Gregory Brew Profile picture
Jun 14 21 tweets 5 min read Read on X
I didn't want it to come to this, but you all have left me no choice: rumors regarding a 50yr US-Saudi agreement "expiring," triggering the end of dollar dominance, are total nonsense.

A thread: Image
First: in the late 1960s, as a result of shifts in the int'l oil industry and improving negotiating position for major oil producers, states like Saudi started earning more per-barrel from their oil exports. The process accelerated in 1971 with the Tripoli/Tehran agreements. Image
The end of Bretton-Woods in 1971, collapse of the fixed exchange rate system regulating currency exchange, and the creeping threat of inflation in the Western economies coincided with a transfer of wealth from consumers to producers. "Petrodollars" were born.

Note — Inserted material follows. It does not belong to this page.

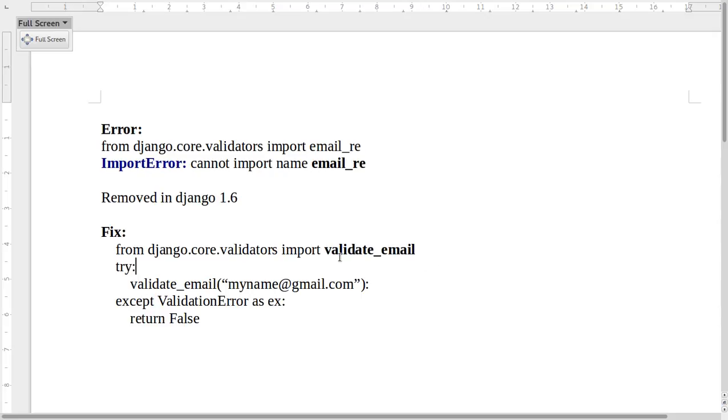So you can use the validate_email function instead of email_re if you are using Django version greater than 1.5.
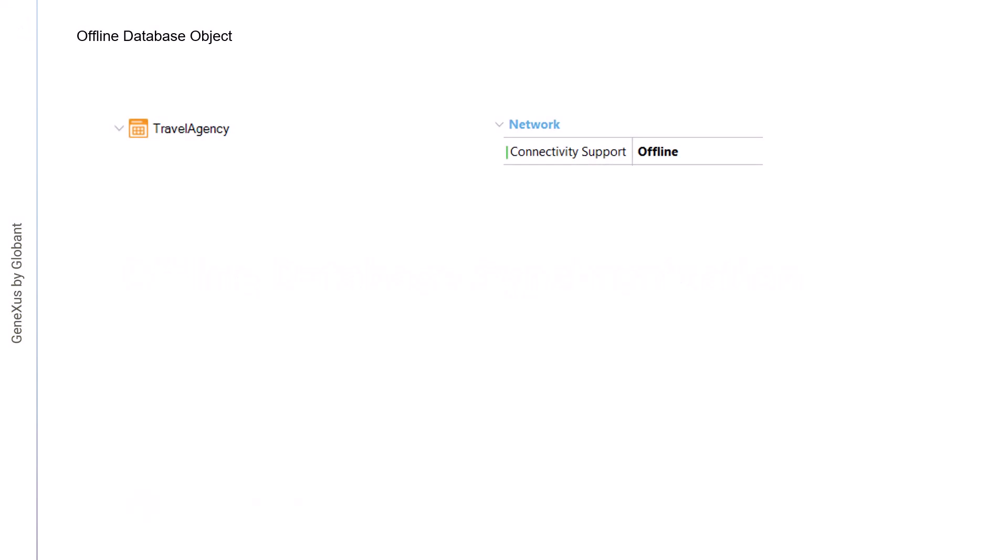For every main object that has the connectivity support properties set to offline, an object called OfflineDatabase is created. As it's created, we'll be able to see the tables that will be added to the local database.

This posed a problem, for basically everyone. Consumers had to pay more for their energy; Western economies were suddenly sending more money to relatively poor, under-developed oil exporters; and the exporters had to figure how to spend their sudden windfall.
Some states, Iran and Iraq, plowed their money into economic development to satisfy their populations' demands for improved living standards; the rest they spent on arms.

Saudi Arabia, however, could not take this route, for a few reasons.
First, in the early 1970s, KSA was still sparsely inhabited, with a small non-oil economy--too small to absorb more than a fraction of the wealth produced from oil exports. Compounding this problem was the volume of exports: Saudi was far and away the largest exporter.
Western officials and Saudi leaders were conscious of this problem, and the preferred solution (for basically everyone) was for Saudi to park their money in Western markets while spending whatever they could on productive enterprise (in many cases, hiring Western firms).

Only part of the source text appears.